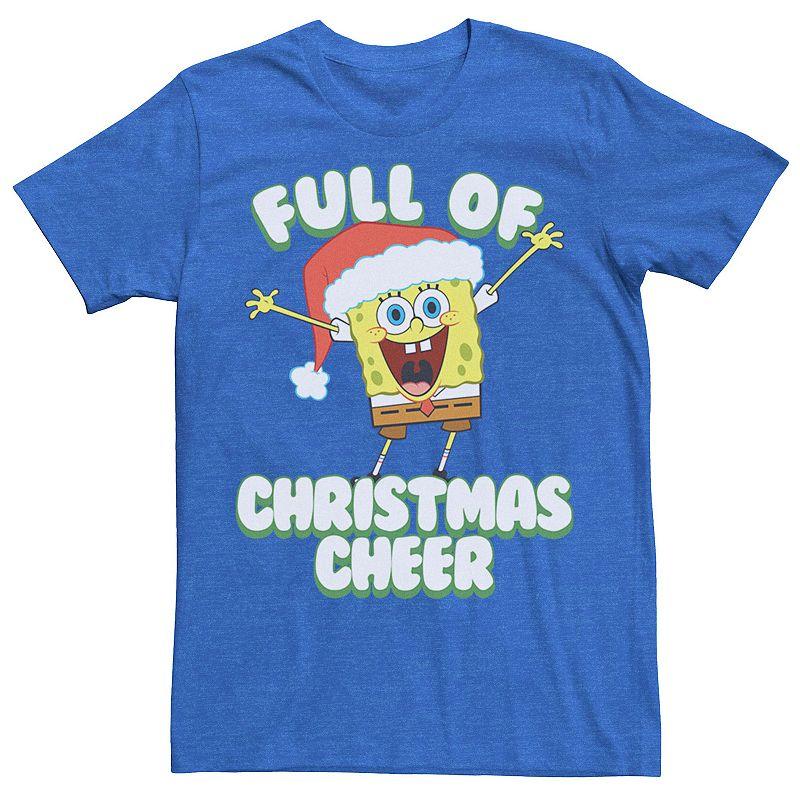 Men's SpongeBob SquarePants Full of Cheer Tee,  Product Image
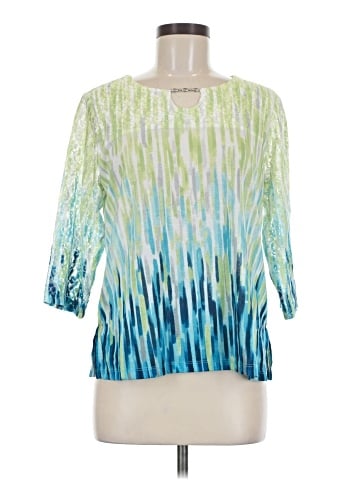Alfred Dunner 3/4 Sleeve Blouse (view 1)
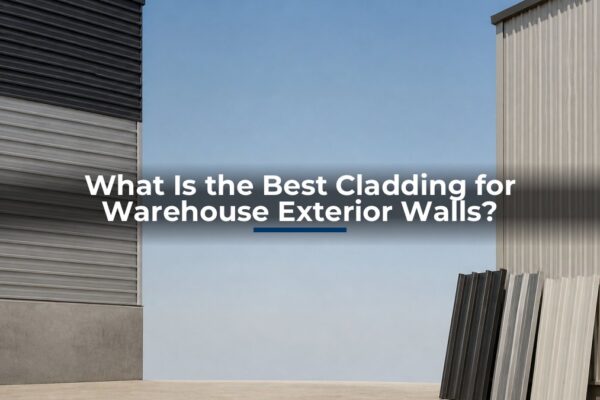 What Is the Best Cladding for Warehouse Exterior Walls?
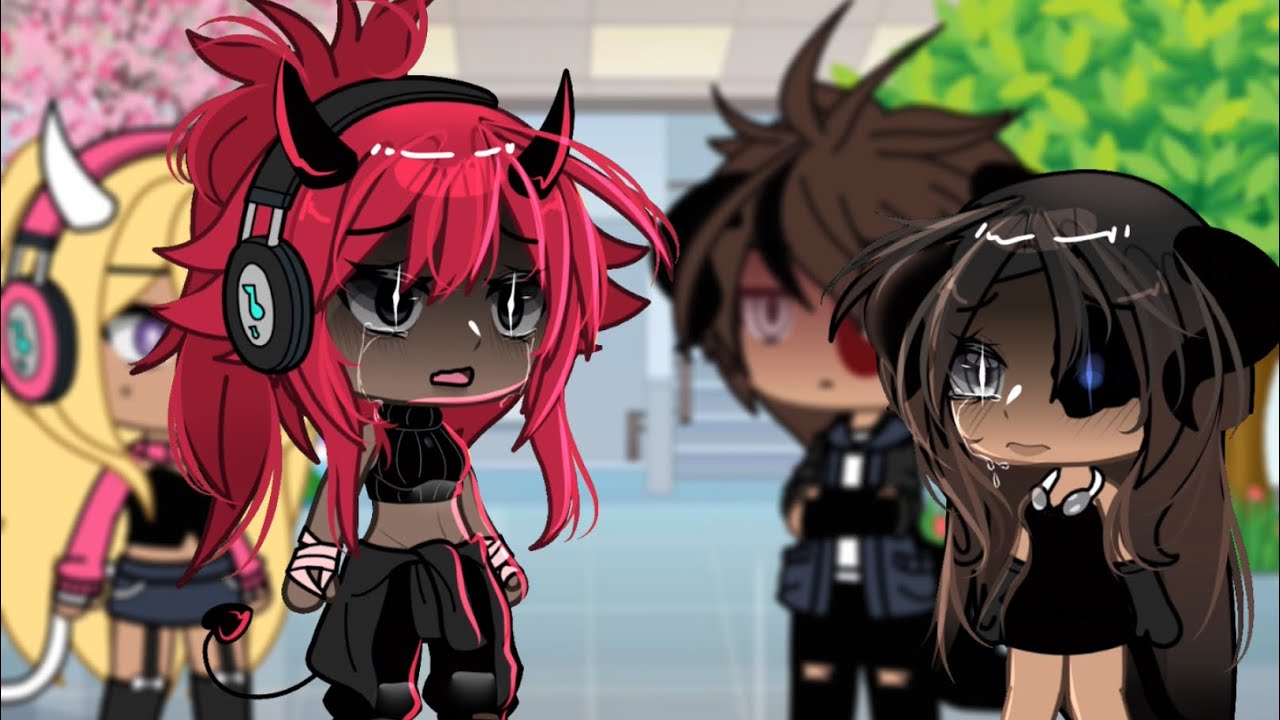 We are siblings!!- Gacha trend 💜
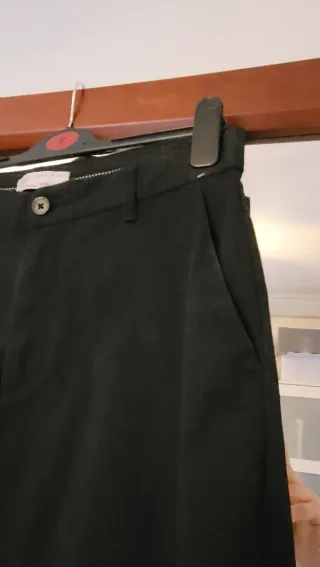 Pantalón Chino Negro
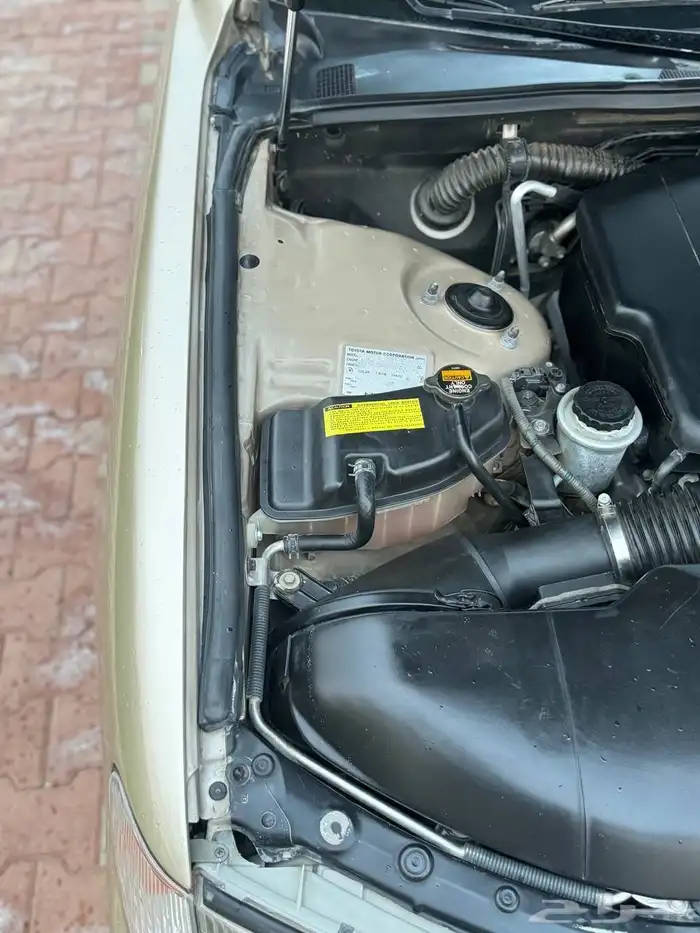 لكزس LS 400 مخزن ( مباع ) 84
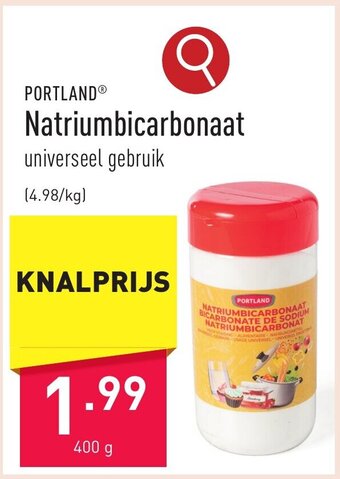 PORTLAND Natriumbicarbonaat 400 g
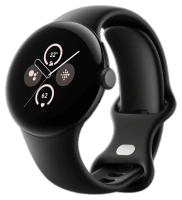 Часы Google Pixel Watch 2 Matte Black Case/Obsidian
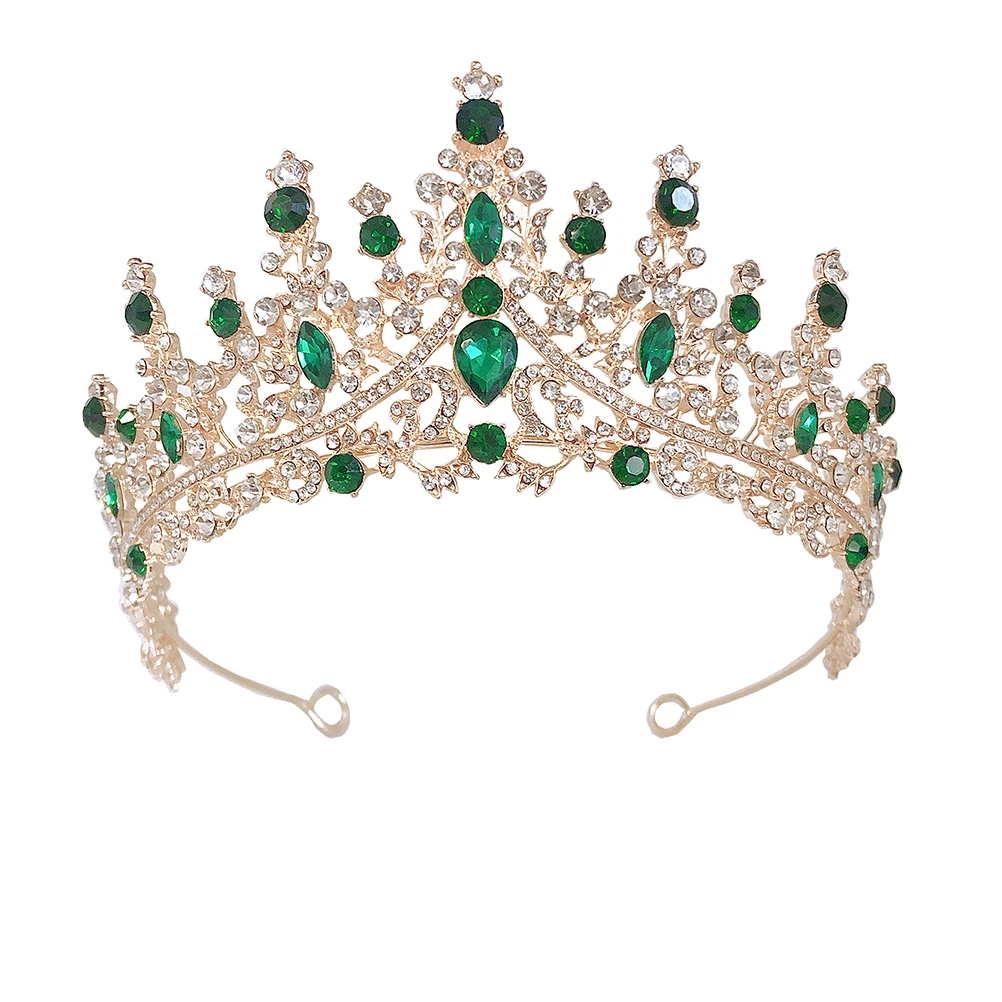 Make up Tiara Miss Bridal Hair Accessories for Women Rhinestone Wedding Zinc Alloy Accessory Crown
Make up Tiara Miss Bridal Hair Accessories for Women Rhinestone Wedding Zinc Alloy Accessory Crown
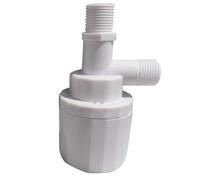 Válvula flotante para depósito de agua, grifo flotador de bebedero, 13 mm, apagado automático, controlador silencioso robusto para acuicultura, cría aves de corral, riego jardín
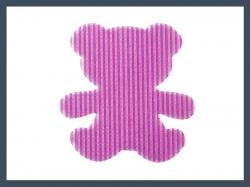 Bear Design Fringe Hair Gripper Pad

Exercise objective: Leave out the pictures, then repeat the listing above exactly from its first line to the line with "PORTLAND Natriumbicarbonaat 400 g", inclusive.

Response to this exercise:
 Men's SpongeBob SquarePants Full of Cheer Tee,  Product Image
Alfred Dunner 3/4 Sleeve Blouse (view 1)
 What Is the Best Cladding for Warehouse Exterior Walls?
 We are siblings!!- Gacha trend 💜
 Pantalón Chino Negro
 لكزس LS 400 مخزن ( مباع ) 84
 PORTLAND Natriumbicarbonaat 400 g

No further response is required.